Not actually us but it's strangely close.
I'm still reflecting on the bike ride I had with my son last night on one of the last warm evenings of summer. I asked him recently if he had any other goals or things he wanted to do before the summer ended. He thought about it and said, "I want to ride our bikes to Grandma's." He informed me it was only half the distance of our big 18 KM bike path bike ride a week or so ago. I checked it out on Google Maps and the kid was right (9 KM one way.) He knows his geography, that boy.

This was his first time in traffic. Mine too, in my latest cycling rebirth. It says a lot about how far I've come in two month. I was completely comfortable riding in public. And two months ago I was chasing my son, sucking wind. Nowadays the little bugger has to keep up with me (which is hard for the poor little guy.)

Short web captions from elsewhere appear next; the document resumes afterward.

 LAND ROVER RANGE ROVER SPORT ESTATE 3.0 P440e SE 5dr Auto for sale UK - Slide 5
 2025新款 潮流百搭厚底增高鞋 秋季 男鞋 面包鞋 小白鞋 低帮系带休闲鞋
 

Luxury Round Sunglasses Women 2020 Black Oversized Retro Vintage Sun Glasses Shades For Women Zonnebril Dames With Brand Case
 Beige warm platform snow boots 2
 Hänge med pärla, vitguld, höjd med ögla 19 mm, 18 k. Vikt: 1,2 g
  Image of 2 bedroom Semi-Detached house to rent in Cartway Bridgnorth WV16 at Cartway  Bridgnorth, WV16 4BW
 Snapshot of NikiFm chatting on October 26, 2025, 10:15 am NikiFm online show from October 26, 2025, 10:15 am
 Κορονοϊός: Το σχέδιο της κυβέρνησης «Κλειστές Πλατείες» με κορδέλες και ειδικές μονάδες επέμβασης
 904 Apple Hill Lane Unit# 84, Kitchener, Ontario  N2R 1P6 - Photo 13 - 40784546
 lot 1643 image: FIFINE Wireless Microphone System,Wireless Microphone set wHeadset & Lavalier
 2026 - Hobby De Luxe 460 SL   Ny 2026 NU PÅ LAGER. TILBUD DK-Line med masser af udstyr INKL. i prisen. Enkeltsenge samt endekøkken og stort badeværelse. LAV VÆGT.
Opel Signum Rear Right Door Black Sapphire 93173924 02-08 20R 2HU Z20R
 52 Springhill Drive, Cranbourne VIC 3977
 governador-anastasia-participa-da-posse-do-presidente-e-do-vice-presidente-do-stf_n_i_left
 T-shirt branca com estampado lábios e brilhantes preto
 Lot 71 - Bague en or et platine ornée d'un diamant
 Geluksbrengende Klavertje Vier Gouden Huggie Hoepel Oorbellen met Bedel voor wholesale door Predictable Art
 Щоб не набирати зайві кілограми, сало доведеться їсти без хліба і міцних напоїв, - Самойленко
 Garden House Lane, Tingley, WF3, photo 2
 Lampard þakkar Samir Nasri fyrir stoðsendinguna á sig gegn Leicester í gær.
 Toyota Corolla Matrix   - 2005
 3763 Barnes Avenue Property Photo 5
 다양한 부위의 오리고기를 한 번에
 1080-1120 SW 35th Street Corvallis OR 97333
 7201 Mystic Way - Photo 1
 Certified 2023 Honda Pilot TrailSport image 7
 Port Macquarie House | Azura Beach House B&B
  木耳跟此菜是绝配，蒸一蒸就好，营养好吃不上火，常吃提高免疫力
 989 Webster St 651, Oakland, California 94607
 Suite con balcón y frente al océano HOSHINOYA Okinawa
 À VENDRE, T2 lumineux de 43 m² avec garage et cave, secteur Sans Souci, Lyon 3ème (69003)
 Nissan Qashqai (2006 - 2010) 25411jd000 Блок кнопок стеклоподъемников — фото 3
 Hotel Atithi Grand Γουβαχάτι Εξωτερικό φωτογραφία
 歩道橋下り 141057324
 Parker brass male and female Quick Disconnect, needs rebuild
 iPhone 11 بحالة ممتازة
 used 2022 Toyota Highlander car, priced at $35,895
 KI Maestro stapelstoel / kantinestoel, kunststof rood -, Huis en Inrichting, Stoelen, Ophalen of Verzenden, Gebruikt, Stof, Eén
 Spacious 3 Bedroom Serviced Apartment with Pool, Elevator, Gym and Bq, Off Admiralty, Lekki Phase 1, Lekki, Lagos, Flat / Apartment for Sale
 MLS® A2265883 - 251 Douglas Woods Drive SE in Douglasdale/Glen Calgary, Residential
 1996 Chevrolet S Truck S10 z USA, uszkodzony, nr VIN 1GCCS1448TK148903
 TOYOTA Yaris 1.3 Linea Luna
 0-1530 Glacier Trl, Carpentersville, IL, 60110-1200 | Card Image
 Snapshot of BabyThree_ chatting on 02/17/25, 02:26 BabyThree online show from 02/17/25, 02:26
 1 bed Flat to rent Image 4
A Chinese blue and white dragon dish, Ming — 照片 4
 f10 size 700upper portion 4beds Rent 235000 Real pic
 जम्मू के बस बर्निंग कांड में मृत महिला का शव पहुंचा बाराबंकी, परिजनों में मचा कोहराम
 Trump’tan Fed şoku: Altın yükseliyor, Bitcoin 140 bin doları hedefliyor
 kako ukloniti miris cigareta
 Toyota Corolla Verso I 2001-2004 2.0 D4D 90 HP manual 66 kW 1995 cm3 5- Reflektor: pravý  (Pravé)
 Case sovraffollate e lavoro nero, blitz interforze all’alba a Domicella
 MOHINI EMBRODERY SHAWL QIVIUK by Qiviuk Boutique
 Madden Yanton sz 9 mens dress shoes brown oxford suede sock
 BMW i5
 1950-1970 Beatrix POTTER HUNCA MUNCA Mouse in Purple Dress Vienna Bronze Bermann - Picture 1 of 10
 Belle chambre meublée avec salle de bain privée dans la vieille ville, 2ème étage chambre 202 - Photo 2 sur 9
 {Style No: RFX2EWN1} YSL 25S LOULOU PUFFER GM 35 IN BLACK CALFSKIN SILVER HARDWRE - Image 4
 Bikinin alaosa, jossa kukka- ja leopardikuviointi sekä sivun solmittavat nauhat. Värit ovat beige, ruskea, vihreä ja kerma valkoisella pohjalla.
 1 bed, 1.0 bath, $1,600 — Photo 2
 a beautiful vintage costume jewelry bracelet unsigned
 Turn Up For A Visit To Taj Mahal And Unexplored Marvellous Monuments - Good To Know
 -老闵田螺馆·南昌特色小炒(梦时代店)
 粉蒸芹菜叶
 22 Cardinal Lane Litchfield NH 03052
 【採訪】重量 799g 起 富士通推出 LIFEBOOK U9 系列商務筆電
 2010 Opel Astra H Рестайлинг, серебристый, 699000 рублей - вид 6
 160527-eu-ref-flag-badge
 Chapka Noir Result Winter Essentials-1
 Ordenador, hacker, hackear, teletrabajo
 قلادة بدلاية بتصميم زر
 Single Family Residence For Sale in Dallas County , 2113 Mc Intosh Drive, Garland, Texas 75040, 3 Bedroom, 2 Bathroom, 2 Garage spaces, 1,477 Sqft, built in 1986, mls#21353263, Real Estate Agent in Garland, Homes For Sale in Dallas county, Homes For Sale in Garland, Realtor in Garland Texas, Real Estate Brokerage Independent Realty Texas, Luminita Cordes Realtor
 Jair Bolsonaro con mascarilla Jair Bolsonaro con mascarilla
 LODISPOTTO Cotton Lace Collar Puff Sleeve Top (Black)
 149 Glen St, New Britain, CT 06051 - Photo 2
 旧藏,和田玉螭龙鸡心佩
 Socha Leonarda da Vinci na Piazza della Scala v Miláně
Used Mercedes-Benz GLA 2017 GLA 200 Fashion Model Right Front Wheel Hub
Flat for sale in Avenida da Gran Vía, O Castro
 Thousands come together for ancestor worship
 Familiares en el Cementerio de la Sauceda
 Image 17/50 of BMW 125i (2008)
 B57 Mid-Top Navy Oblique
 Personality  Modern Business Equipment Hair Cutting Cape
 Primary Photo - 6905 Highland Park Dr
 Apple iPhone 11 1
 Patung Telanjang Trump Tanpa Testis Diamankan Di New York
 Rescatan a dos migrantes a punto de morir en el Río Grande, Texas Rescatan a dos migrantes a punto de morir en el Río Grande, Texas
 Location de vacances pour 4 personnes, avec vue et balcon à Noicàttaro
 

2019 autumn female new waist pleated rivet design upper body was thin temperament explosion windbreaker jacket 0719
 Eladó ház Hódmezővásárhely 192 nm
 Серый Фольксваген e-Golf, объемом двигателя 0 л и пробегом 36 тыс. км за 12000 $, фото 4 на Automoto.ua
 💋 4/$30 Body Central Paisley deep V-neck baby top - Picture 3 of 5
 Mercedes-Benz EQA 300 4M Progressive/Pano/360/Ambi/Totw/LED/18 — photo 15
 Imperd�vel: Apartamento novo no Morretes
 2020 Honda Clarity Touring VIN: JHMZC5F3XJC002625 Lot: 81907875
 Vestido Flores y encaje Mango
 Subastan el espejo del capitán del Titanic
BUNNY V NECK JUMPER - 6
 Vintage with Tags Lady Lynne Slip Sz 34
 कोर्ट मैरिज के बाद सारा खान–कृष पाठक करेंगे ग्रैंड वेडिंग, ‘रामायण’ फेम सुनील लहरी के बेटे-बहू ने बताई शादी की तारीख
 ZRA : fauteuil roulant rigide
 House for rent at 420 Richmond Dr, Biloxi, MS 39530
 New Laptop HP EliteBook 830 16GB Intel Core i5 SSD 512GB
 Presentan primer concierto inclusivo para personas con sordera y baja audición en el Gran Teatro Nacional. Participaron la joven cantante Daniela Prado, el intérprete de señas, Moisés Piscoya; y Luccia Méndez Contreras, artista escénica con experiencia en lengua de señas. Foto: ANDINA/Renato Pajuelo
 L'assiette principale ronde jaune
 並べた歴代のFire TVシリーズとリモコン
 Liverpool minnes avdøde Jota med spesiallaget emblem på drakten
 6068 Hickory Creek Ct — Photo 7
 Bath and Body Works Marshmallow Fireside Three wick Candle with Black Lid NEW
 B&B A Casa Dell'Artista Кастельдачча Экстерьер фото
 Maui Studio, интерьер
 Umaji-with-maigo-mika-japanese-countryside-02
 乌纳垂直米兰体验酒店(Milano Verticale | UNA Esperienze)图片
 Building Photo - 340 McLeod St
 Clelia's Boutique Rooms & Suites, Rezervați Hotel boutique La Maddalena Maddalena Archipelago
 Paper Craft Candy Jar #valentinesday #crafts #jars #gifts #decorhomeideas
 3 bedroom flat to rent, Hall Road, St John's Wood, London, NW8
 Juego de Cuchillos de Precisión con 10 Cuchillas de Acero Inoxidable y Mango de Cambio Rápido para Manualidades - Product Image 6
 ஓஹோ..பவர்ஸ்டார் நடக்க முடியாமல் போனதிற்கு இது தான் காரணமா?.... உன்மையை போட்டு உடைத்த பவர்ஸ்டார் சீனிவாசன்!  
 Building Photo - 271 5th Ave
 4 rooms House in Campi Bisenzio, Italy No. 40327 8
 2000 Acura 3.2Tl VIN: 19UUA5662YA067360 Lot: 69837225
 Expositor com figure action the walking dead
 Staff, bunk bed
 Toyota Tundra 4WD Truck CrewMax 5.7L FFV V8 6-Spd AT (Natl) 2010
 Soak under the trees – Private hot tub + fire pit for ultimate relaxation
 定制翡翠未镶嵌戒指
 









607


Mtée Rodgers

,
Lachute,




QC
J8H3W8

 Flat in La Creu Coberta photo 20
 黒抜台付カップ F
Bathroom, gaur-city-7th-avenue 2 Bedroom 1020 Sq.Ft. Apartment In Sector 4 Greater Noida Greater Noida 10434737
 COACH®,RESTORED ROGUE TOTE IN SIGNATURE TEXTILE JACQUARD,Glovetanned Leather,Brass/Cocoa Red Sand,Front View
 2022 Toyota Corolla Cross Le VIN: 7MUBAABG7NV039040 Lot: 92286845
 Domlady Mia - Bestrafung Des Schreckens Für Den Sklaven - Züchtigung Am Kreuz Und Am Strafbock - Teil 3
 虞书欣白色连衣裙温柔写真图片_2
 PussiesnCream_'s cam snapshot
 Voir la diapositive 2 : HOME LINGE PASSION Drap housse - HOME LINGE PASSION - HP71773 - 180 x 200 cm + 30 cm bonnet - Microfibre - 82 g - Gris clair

The bike ride was flawless and relaxed. No pushing hard to beat the sun or oncoming storms. It was leisurely, stress-free and fun. It reminded me of when I was about eleven or twelve years old, a time when I broke free from the constraints of my neighbourhood and started exploring the city, often on warm summer evenings. It was during that time that I really fell in love with cycling.

Last night those old childhood cycling feelings of freedom and joy were rekindled. My inner child who adored cycling got to go for a bike ride with my beloved boy, Aiden, who also adores cycling, even before he knew his daddy was capable of it.